The value in this exercise is that suddenly we find ourselves in a position where data is consistent, regardless of where it came from. And consistency means data can be pooled together, and sample sizes- and therefore the quality of any quantitative investigation- will benefit.
It doesn’t take much of a stretch of imagination to arrive at the question ‘why is there no defined, consistent way of holding data in the sector’? This would certainly obviate the need to map data to a consistent format before it can be sent off for analysis. Consistent data would allow sharing of data between organisations for sharing, comparison, analysis and benchmarking to become a relatively straightforward task.
There is no real single answer to the cause of the lack of data consistency in the sector. Possibly one of the main underlying causes is that until recent times, the sector has not had the need to be innovative and investigate the value that data insight can offer. Now, in times of increasingly constrained budgets, interest in locating areas where savings can be made has peaked, but unfortunately there is a legacy of slack, inaccurate record keeping presenting itself as a major barrier to be overcome.

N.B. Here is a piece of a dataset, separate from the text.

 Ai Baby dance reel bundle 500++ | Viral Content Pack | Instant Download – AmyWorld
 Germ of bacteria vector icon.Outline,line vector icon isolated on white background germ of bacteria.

The value of a consistent data standard to be adopted across the sector cannot be overstated. Attempts have been made before, such as the National Register of Social Housing, but the sector as a whole needs to embrace and push for adopting standards and consistency. This task in itself would not come without challenges- what data should be collected, and what shouldn’t? How should it be stored? Where are the gaps where valuable data is missed, and where are we wasting memory by storing redundant information? What are we collecting which is of interest, but so poorly and inconsistently that the value of it becomes is eroded?

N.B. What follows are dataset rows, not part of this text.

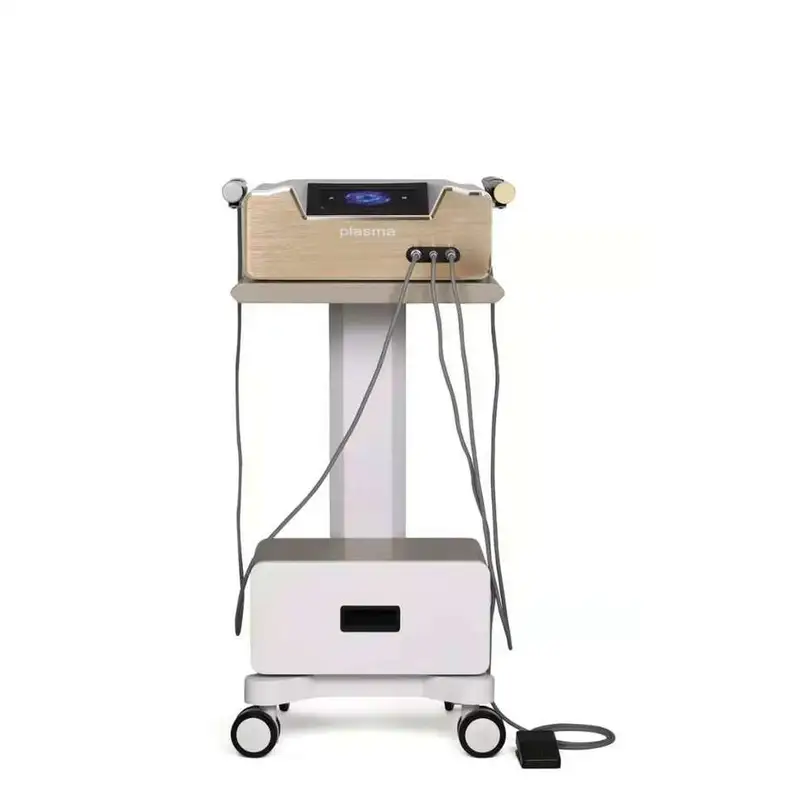 Latest wrinkle removal eyes lifting beauty plasma pen 2 in 1 cold plasma anti acne pen  24 Hours  online Free consultion  by Call or Text  AprilFace team                                                                    wechat/whats app : + 86  13829625233         Plasma is composed of ions and electrons and is an ionized gas with electrical energy. Space plasma releases electrical energy, using plasma conduction technology to open the mucous membrane principle of skin cells, inducing and changing the ion's position, allowing them to freely pass through the cell membrane. When the cell membrane voltage increases, it helps the cells to produce tension, so that the cation dislocations on the medial and lateral sides of the cell membrane are corrected, the membrane potential returns to an equilibrium state, the cells return to normal operation, the skin regenerates, and the skin tissue resistance is enhanced. Effectively improve the skin surface, in the treatment of acne, scars while not destroying cells, with skin rejuvenation, sterilization, antibacterial, anti-inflammatory, whitening, improve skin sagging and other effects.  1.png  2 in 1 plasma consists of spark plasma and ozone plasma.   And is available in 7 different probes:  Spark plasma (gold handle): facial lifting, firmness, freckle, wrinkles, crow’s feet treatment.  Ozone plasma ( white handle): Anti-inflammatory sterilization, soothing and itching, anabolic pigments, regulating oil secretion, oil control and cleansing, for allergic skin, acne, eczema, skin inflammation and other skin problems.  2.jpg3.jpg  Function:  1.anti-aging effect.  2.Improve skin absorption.  3. anti-bacterial.  4. clean skin.  5.effectively whiten and brighten skin.  6. improve fine lines.  7. increase skin elasticity.  8.improve facial appearance edge lifting and spot removal.  Advantages:  1.Unlike lasers and light sources, plasma has no specific chromophore and can be used on all parts of the body.  2.The energy produced by the plasma is generated by a small electric current, which is used to treat the drooping part so that it can contract as quickly as possible.  3.Histological principles use high plasma energy to instantly heal the nipple wound to produce collagen, allowing the skin to regenerate.As new collagen is produced, the skin becomes more elastic.  4.jpg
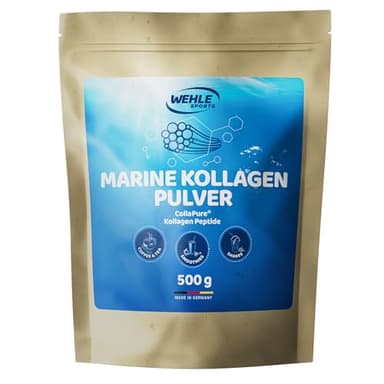 Marine Kollagen Pulver 500g - Collagen Hydrolysat Peptide - Markenrohstoff CollaPure® - Wehle Sports Fisch Kollagen - Neutral - Verpackung kann variieren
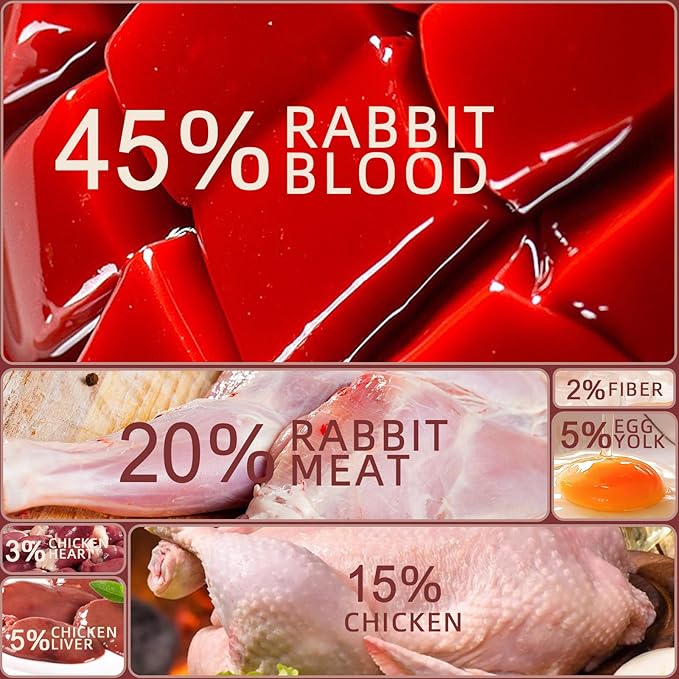 Freeze-Dried Rabbit Blood and Dogs Treat Pouch Bag,High Protein Freeze-Dried Pet Food for Dogs Cats,Supplemental Iron.Portable Pet Pocket Waist Clip Bag,ncludes Clip and Carabiner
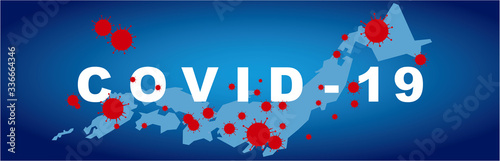 Illustration vector graphic of Coronavirus outbreak warning against a Japan map background. 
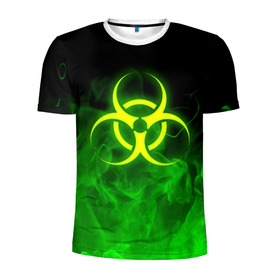 Мужская футболка 3D спортивная с принтом BIOHAZARD в Белгороде, 100% полиэстер с улучшенными характеристиками | приталенный силуэт, круглая горловина, широкие плечи, сужается к линии бедра | Тематика изображения на принте: biohazard | radiation | re | re3 | residenr evil | toxic | virusвирус | world war z | биохазард | обитель зла | радиация | токсик | эпидемия
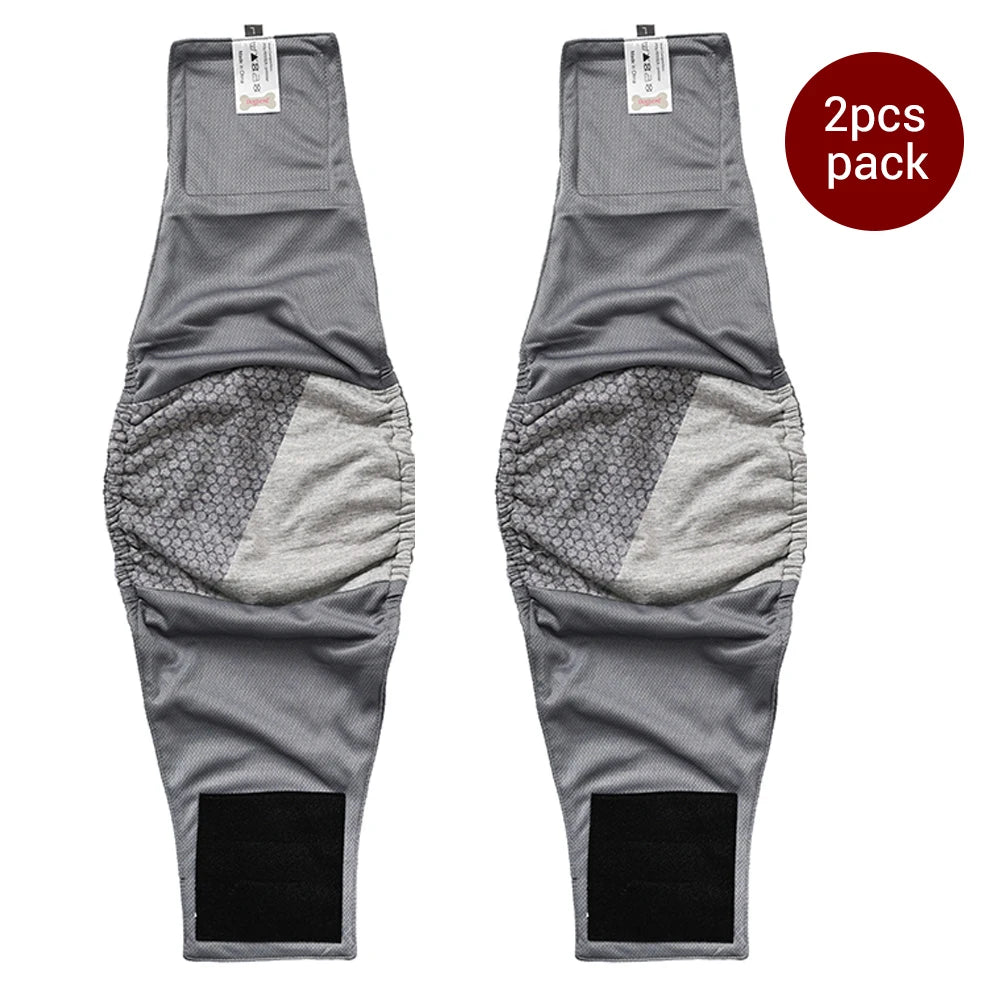 Reusable Dog Diaper (2pack) Washable Graphene Male Dog Belly Wrap Antibacterial Absorbent Pet Waist Band Leakproof Sanitary Pant
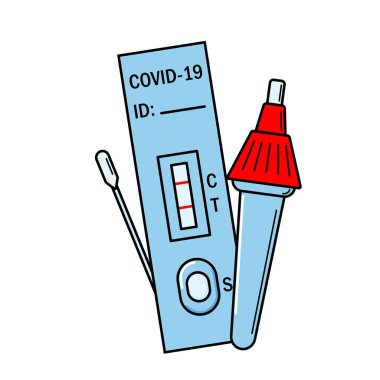 Atk covid hızlı antijen test kiti çizimi. Omicron salgını kişisel PCR ekspres test kılavuzu. Covid-19 test kitinin simgeleri. Coronavirus antikor kan vektörü düz pankart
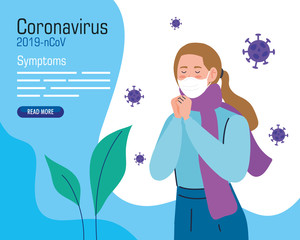 young woman with face mask sick of coronavirus covid 19 vector illustration design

Clearly, key areas of interest are around assets and repairs, and rent arrears- two of the largest sources of expenditure housing providers encounter. Therefore, they are two candidate areas to where data standards would be of immense value. Consistent data would allow simple communication between housing providers; for example knowledge of stock locations would could lead to stock swaps to allow more efficient management. Knowledge of repair and maintenance costs could pave the way to smart benchmarking, and lead to more informed decisions about stock which should be sold to raise capital for new developments. Uniform definitions of rent arrears and tenancy demographics could naturally form the basis of a predictive model which could determine the risk of new tenancies falling into rent arrears.
Consistent data and standards could pave the way towards significant savings and streamlining of businesses through the ease of access to data insight that will be made available. What is needed is a sector wide push and commitment; only through united resolve and dedication will such a standard ever come to light.